*** Opening of Supplied material ***

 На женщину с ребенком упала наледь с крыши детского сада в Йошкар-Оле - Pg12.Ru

*** Close of Supplied material ***
*** Opening of Supplied material ***

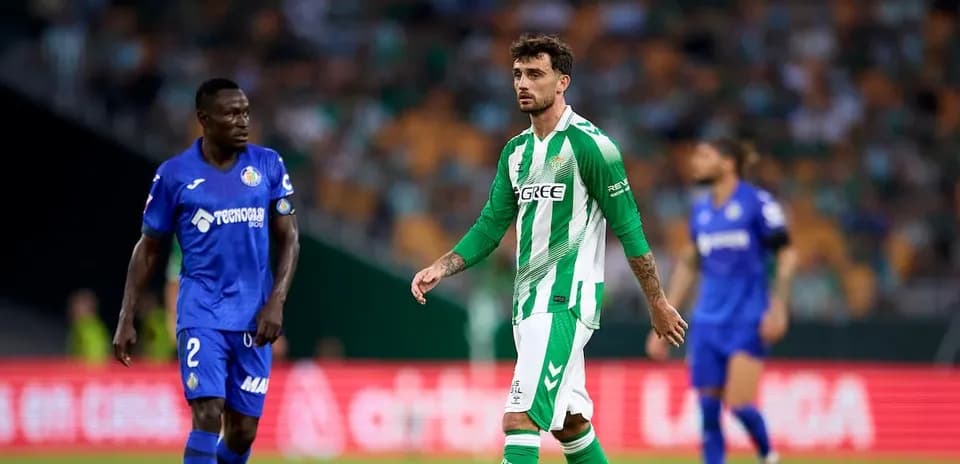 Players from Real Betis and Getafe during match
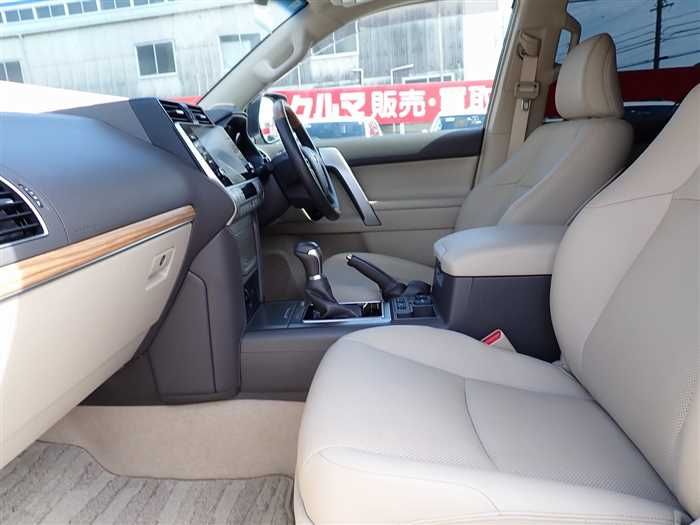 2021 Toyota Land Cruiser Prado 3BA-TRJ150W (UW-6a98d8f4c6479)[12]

*** Close of Supplied material ***

#### What to produce
In the listing above, find the line holding "Players from Real" and the line holding "2021 Toyota Land". Reproduce those two lines and all between them exactly, leaving out pictures.

#### Task solution
 Players from Real Betis and Getafe during match
 2021 Toyota Land Cruiser Prado 3BA-TRJ150W (UW-6a98d8f4c6479)[12]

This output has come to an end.